▶ _RECORDS SHOWN_:

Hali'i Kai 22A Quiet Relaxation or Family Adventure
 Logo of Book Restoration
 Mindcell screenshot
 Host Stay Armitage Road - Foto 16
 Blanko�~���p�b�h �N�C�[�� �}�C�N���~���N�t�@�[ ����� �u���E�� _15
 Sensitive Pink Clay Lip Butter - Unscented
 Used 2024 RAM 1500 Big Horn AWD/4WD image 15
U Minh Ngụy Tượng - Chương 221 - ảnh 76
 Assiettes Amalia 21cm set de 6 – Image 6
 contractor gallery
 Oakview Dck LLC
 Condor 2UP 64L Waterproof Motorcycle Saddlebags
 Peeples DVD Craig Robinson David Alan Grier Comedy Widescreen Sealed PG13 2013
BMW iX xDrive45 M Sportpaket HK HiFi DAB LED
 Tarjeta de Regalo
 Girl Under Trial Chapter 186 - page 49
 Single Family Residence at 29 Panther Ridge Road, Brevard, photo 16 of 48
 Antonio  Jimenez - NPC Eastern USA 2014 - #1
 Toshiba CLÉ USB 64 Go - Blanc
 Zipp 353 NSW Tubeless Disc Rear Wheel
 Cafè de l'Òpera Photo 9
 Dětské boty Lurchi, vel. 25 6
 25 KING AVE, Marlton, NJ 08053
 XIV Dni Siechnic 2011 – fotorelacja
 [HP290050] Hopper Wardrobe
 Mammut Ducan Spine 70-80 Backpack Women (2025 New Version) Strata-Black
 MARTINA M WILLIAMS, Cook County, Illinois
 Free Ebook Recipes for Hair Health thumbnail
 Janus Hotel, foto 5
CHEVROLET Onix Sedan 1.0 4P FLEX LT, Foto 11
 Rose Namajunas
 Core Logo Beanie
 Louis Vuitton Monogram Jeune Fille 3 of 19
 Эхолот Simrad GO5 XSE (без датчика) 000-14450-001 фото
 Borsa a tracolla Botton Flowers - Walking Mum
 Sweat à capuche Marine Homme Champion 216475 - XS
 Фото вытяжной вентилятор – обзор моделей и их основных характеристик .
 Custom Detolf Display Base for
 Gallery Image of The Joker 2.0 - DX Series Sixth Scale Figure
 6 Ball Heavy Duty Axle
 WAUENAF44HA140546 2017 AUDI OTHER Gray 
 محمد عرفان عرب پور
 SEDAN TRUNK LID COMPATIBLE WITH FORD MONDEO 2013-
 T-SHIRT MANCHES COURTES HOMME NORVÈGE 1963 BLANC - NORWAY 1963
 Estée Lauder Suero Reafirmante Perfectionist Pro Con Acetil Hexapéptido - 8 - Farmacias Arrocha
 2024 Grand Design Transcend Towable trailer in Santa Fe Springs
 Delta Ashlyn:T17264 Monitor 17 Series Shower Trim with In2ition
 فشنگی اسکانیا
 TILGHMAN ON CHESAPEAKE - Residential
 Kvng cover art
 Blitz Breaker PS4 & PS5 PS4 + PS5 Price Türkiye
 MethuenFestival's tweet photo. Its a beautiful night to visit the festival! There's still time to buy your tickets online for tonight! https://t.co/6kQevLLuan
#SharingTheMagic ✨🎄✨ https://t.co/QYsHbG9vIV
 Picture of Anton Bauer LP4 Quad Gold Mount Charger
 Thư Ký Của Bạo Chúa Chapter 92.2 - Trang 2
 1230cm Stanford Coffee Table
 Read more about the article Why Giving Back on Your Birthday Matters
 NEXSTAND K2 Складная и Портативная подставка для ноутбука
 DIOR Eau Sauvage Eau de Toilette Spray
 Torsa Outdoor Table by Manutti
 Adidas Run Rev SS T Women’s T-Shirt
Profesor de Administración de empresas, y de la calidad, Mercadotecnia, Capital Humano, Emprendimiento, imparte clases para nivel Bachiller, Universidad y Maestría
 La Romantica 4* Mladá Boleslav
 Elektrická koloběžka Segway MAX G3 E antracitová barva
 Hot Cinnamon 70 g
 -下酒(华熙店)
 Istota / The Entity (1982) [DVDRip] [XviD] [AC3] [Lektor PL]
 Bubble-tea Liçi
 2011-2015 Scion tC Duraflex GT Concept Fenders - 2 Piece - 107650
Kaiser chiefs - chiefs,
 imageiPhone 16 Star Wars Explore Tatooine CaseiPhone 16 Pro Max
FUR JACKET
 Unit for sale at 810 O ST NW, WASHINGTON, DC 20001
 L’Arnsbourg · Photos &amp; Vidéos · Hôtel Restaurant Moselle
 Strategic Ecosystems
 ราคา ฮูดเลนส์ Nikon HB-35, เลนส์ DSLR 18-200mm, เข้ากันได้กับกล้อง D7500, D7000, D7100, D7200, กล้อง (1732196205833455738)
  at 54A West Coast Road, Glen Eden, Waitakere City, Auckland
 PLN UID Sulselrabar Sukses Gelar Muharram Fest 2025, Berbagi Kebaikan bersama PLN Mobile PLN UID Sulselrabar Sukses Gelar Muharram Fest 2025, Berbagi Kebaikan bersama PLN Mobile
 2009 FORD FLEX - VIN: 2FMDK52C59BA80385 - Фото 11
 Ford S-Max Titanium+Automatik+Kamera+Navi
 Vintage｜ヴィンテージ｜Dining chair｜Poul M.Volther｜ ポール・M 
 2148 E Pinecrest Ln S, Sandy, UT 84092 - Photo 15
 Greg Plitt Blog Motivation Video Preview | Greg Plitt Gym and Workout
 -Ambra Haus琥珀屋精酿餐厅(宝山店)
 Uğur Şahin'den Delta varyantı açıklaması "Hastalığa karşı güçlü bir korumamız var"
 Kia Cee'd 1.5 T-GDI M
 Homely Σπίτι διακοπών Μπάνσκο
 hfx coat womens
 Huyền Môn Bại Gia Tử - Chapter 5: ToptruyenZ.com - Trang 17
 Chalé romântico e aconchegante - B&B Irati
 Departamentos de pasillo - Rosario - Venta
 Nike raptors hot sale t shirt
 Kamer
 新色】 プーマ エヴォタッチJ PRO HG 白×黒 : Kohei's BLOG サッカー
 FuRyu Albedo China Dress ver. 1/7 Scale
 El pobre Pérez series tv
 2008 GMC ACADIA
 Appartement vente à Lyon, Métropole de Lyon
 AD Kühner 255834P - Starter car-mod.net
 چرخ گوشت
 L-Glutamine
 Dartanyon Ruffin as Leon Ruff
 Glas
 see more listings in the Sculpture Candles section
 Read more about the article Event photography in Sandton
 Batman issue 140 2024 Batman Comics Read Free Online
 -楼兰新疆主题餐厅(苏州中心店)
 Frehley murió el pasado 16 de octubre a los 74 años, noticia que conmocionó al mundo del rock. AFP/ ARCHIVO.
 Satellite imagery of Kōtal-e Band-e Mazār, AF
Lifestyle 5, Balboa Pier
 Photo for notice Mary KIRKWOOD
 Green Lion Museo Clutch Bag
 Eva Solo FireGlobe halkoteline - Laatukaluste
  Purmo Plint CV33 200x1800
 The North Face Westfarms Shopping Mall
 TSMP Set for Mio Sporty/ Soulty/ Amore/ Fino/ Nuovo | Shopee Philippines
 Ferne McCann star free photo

▶ _WHAT THE EXERCISE ASKS_:
Your answer must be an exact transcription of all the data above.

▶ _PROBLEM SOLUTION_:
Hali'i Kai 22A Quiet Relaxation or Family Adventure
 Logo of Book Restoration
 Mindcell screenshot
 Host Stay Armitage Road - Foto 16
 Blanko�~���p�b�h �N�C�[�� �}�C�N���~���N�t�@�[ ����� �u���E�� _15
 Sensitive Pink Clay Lip Butter - Unscented
 Used 2024 RAM 1500 Big Horn AWD/4WD image 15
U Minh Ngụy Tượng - Chương 221 - ảnh 76
 Assiettes Amalia 21cm set de 6 – Image 6
 contractor gallery
 Oakview Dck LLC
 Condor 2UP 64L Waterproof Motorcycle Saddlebags
 Peeples DVD Craig Robinson David Alan Grier Comedy Widescreen Sealed PG13 2013
BMW iX xDrive45 M Sportpaket HK HiFi DAB LED
 Tarjeta de Regalo
 Girl Under Trial Chapter 186 - page 49
 Single Family Residence at 29 Panther Ridge Road, Brevard, photo 16 of 48
 Antonio  Jimenez - NPC Eastern USA 2014 - #1
 Toshiba CLÉ USB 64 Go - Blanc
 Zipp 353 NSW Tubeless Disc Rear Wheel
 Cafè de l'Òpera Photo 9
 Dětské boty Lurchi, vel. 25 6
 25 KING AVE, Marlton, NJ 08053
 XIV Dni Siechnic 2011 – fotorelacja
 [HP290050] Hopper Wardrobe
 Mammut Ducan Spine 70-80 Backpack Women (2025 New Version) Strata-Black
 MARTINA M WILLIAMS, Cook County, Illinois
 Free Ebook Recipes for Hair Health thumbnail
 Janus Hotel, foto 5
CHEVROLET Onix Sedan 1.0 4P FLEX LT, Foto 11
 Rose Namajunas
 Core Logo Beanie
 Louis Vuitton Monogram Jeune Fille 3 of 19
 Эхолот Simrad GO5 XSE (без датчика) 000-14450-001 фото
 Borsa a tracolla Botton Flowers - Walking Mum
 Sweat à capuche Marine Homme Champion 216475 - XS
 Фото вытяжной вентилятор – обзор моделей и их основных характеристик .
 Custom Detolf Display Base for
 Gallery Image of The Joker 2.0 - DX Series Sixth Scale Figure
 6 Ball Heavy Duty Axle
 WAUENAF44HA140546 2017 AUDI OTHER Gray 
 محمد عرفان عرب پور
 SEDAN TRUNK LID COMPATIBLE WITH FORD MONDEO 2013-
 T-SHIRT MANCHES COURTES HOMME NORVÈGE 1963 BLANC - NORWAY 1963
 Estée Lauder Suero Reafirmante Perfectionist Pro Con Acetil Hexapéptido - 8 - Farmacias Arrocha
 2024 Grand Design Transcend Towable trailer in Santa Fe Springs
 Delta Ashlyn:T17264 Monitor 17 Series Shower Trim with In2ition
 فشنگی اسکانیا
 TILGHMAN ON CHESAPEAKE - Residential
 Kvng cover art
 Blitz Breaker PS4 & PS5 PS4 + PS5 Price Türkiye
 MethuenFestival's tweet photo. Its a beautiful night to visit the festival! There's still time to buy your tickets online for tonight! https://t.co/6kQevLLuan
#SharingTheMagic ✨🎄✨ https://t.co/QYsHbG9vIV
 Picture of Anton Bauer LP4 Quad Gold Mount Charger
 Thư Ký Của Bạo Chúa Chapter 92.2 - Trang 2
 1230cm Stanford Coffee Table
 Read more about the article Why Giving Back on Your Birthday Matters
 NEXSTAND K2 Складная и Портативная подставка для ноутбука
 DIOR Eau Sauvage Eau de Toilette Spray
 Torsa Outdoor Table by Manutti
 Adidas Run Rev SS T Women’s T-Shirt
Profesor de Administración de empresas, y de la calidad, Mercadotecnia, Capital Humano, Emprendimiento, imparte clases para nivel Bachiller, Universidad y Maestría
 La Romantica 4* Mladá Boleslav
 Elektrická koloběžka Segway MAX G3 E antracitová barva
 Hot Cinnamon 70 g
 -下酒(华熙店)
 Istota / The Entity (1982) [DVDRip] [XviD] [AC3] [Lektor PL]
 Bubble-tea Liçi
 2011-2015 Scion tC Duraflex GT Concept Fenders - 2 Piece - 107650
Kaiser chiefs - chiefs,
 imageiPhone 16 Star Wars Explore Tatooine CaseiPhone 16 Pro Max
FUR JACKET
 Unit for sale at 810 O ST NW, WASHINGTON, DC 20001
 L’Arnsbourg · Photos &amp; Vidéos · Hôtel Restaurant Moselle
 Strategic Ecosystems
 ราคา ฮูดเลนส์ Nikon HB-35, เลนส์ DSLR 18-200mm, เข้ากันได้กับกล้อง D7500, D7000, D7100, D7200, กล้อง (1732196205833455738)
  at 54A West Coast Road, Glen Eden, Waitakere City, Auckland
 PLN UID Sulselrabar Sukses Gelar Muharram Fest 2025, Berbagi Kebaikan bersama PLN Mobile PLN UID Sulselrabar Sukses Gelar Muharram Fest 2025, Berbagi Kebaikan bersama PLN Mobile
 2009 FORD FLEX - VIN: 2FMDK52C59BA80385 - Фото 11
 Ford S-Max Titanium+Automatik+Kamera+Navi
 Vintage｜ヴィンテージ｜Dining chair｜Poul M.Volther｜ ポール・M 
 2148 E Pinecrest Ln S, Sandy, UT 84092 - Photo 15
 Greg Plitt Blog Motivation Video Preview | Greg Plitt Gym and Workout
 -Ambra Haus琥珀屋精酿餐厅(宝山店)
 Uğur Şahin'den Delta varyantı açıklaması "Hastalığa karşı güçlü bir korumamız var"
 Kia Cee'd 1.5 T-GDI M
 Homely Σπίτι διακοπών Μπάνσκο
 hfx coat womens
 Huyền Môn Bại Gia Tử - Chapter 5: ToptruyenZ.com - Trang 17
 Chalé romântico e aconchegante - B&B Irati
 Departamentos de pasillo - Rosario - Venta
 Nike raptors hot sale t shirt
 Kamer
 新色】 プーマ エヴォタッチJ PRO HG 白×黒 : Kohei's BLOG サッカー
 FuRyu Albedo China Dress ver. 1/7 Scale
 El pobre Pérez series tv
 2008 GMC ACADIA
 Appartement vente à Lyon, Métropole de Lyon
 AD Kühner 255834P - Starter car-mod.net
 چرخ گوشت
 L-Glutamine
 Dartanyon Ruffin as Leon Ruff
 Glas
 see more listings in the Sculpture Candles section
 Read more about the article Event photography in Sandton
 Batman issue 140 2024 Batman Comics Read Free Online
 -楼兰新疆主题餐厅(苏州中心店)
 Frehley murió el pasado 16 de octubre a los 74 años, noticia que conmocionó al mundo del rock. AFP/ ARCHIVO.
 Satellite imagery of Kōtal-e Band-e Mazār, AF
Lifestyle 5, Balboa Pier
 Photo for notice Mary KIRKWOOD
 Green Lion Museo Clutch Bag
 Eva Solo FireGlobe halkoteline - Laatukaluste
  Purmo Plint CV33 200x1800
 The North Face Westfarms Shopping Mall
 TSMP Set for Mio Sporty/ Soulty/ Amore/ Fino/ Nuovo | Shopee Philippines
 Ferne McCann star free photo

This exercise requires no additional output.